Я держала лампу, которая освещала его ночи, согревала его, как могла, защищая его своей любовью и верой.
Э.П.Многое уже было сказано о «романе» между Эвой Дуарте и Хуаном Доминго Пероном: эти отношения и вправду были романтическими если не в общепринятом голливудском духе, то хотя бы в том смысле, что могли стать сюжетом литературного произведения. В своей книге Эва без церемоний признает, что полюбила Перона, потому что его дело – дело рабочего народа – было и ее собственным. Она говорила, что нищета и страдания простых людей давно уже зажигали гнев в ее сердце, но она не решалась выступать против несправедливости общества до того «счастливого дня», когда повстречала Перона и увидела в нем великого вождя.

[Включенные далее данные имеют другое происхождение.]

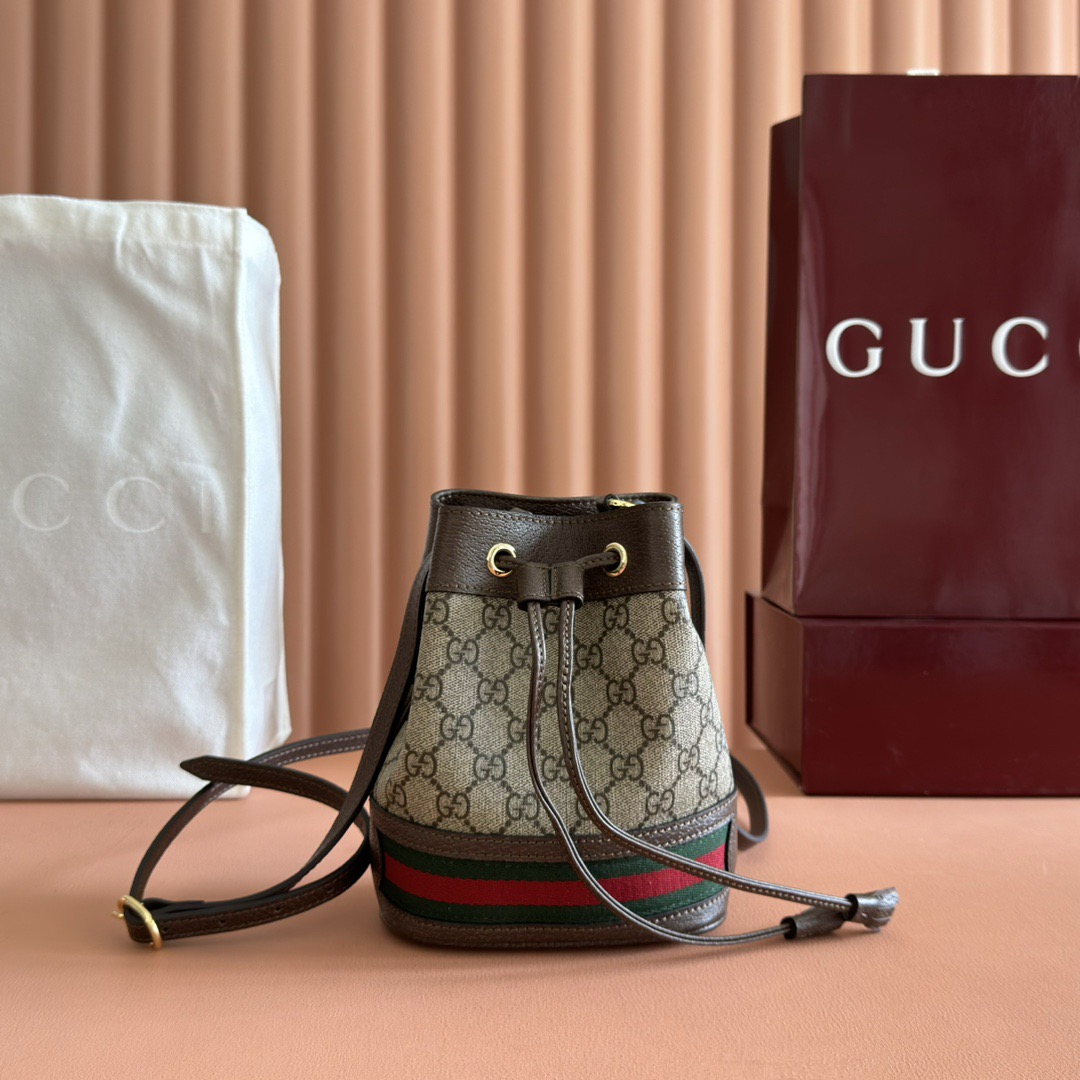 구찌 550620 여자가방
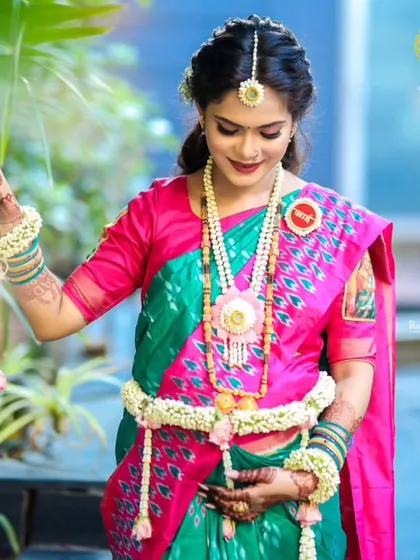 Celebrating the journey to motherhood is so special, and I love creating 'gojiri' (sweet) floral jewellery for baby showers. This complete set with a matching kamarpatta was designed to make the mom-to-be feel like a queen on her big day.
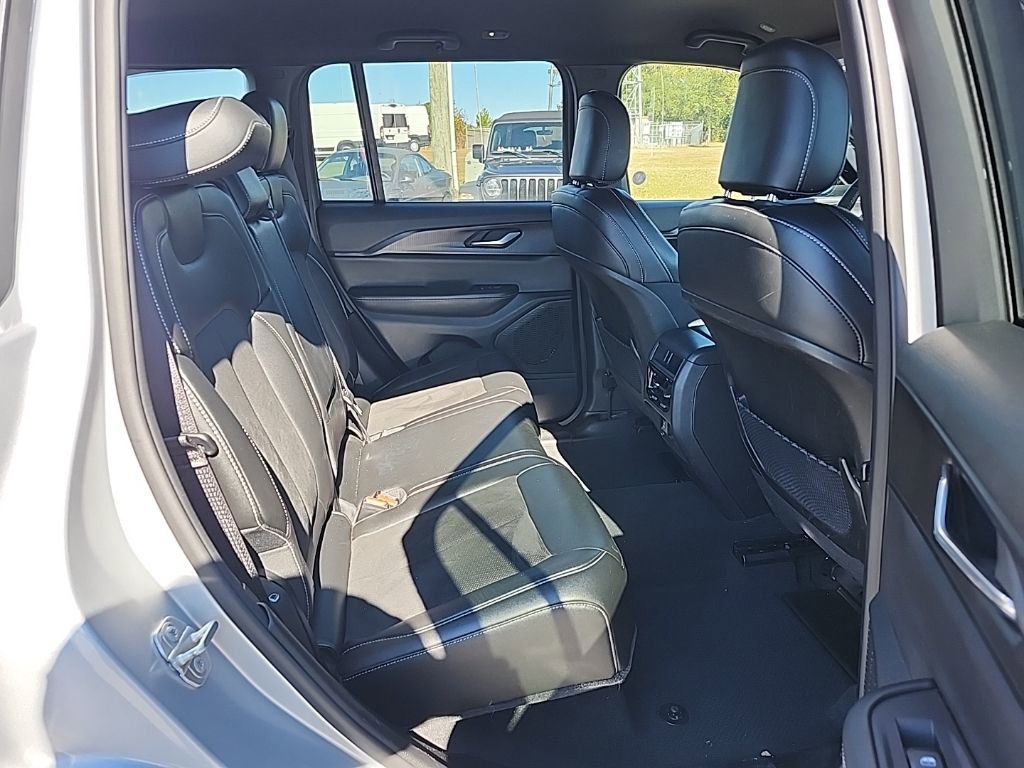 Used 2024 Jeep Grand Cherokee Altitude image 15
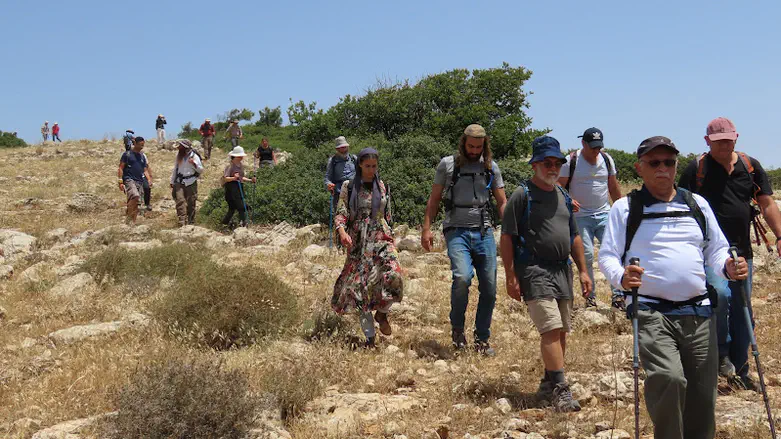 המטיילים חוזרים לשבילי יהודה ושומרון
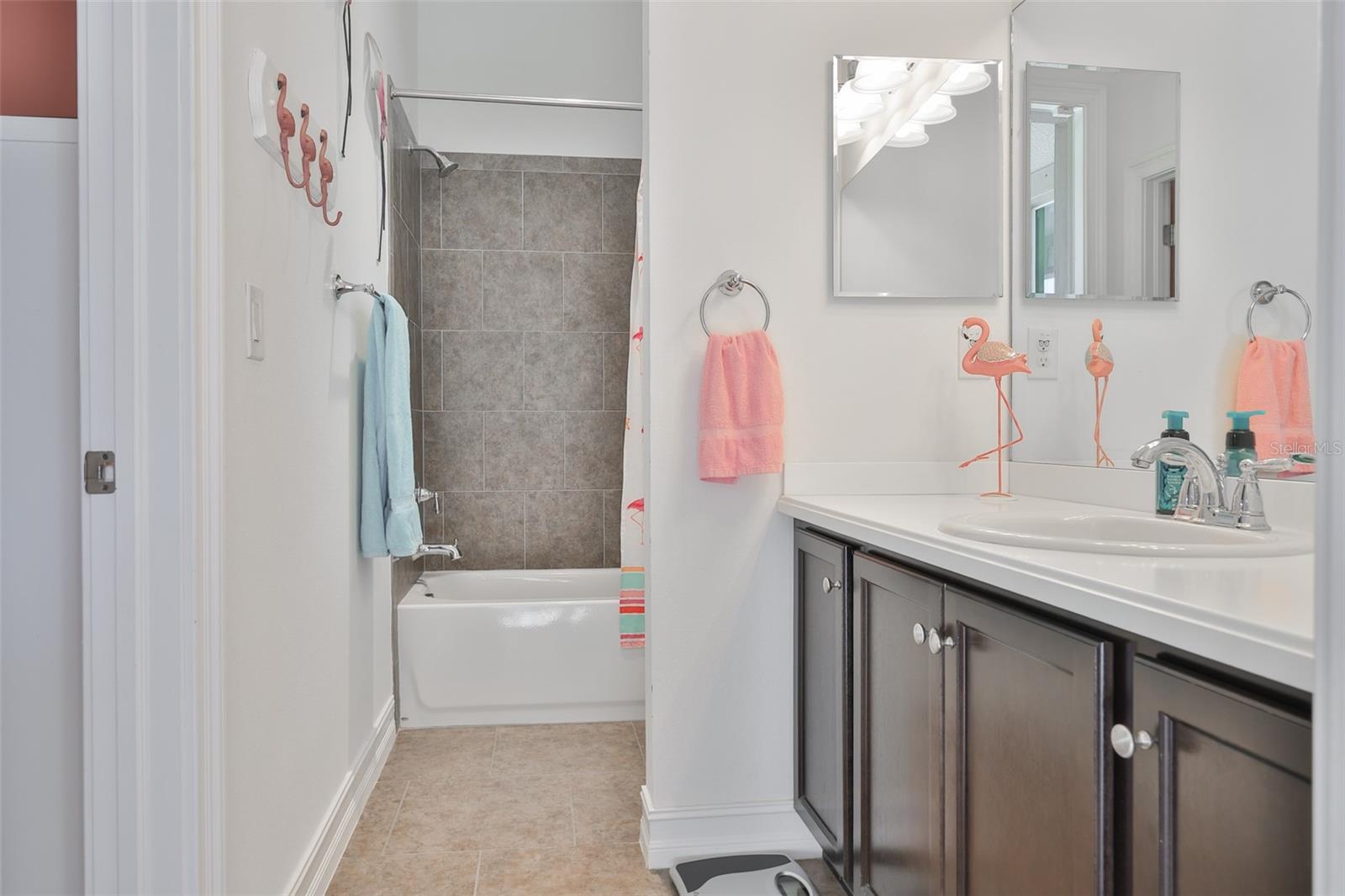 Bathroom 2 - pool bath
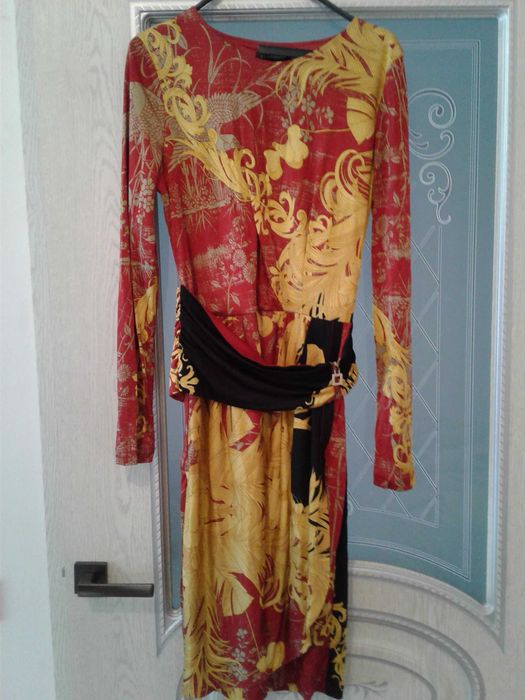 Продам коктейльные и вечерние платья в пол 48-52 размеры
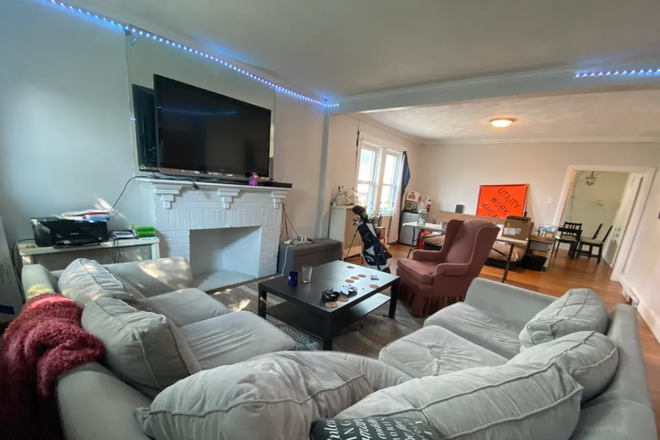 Call NOW for showings! 617-236-8600 - FOSTER ST - 2 LVL TOP FLR 5BR AVAIL *9/1/2027* W/ YRD, EIK, IN UNIT LNDRY, GRG PRKNG, 2 BATH, DW Apartments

«Я встала рядом с ним, – писала она с показным смирением, характерным для многих ее публичных высказываний. – Возможно, именно это и привлекло его внимание, и когда у него нашлось время выслушать меня, я заговорила со всей возможной убедительностью: «Если вы и вправду считаете, что дело народа – ваше дело, я до самой смерти буду с вами, каких бы жертв это ни стоило». И продолжает: «Он принял мою жертву. Это был мой самый счастливый день».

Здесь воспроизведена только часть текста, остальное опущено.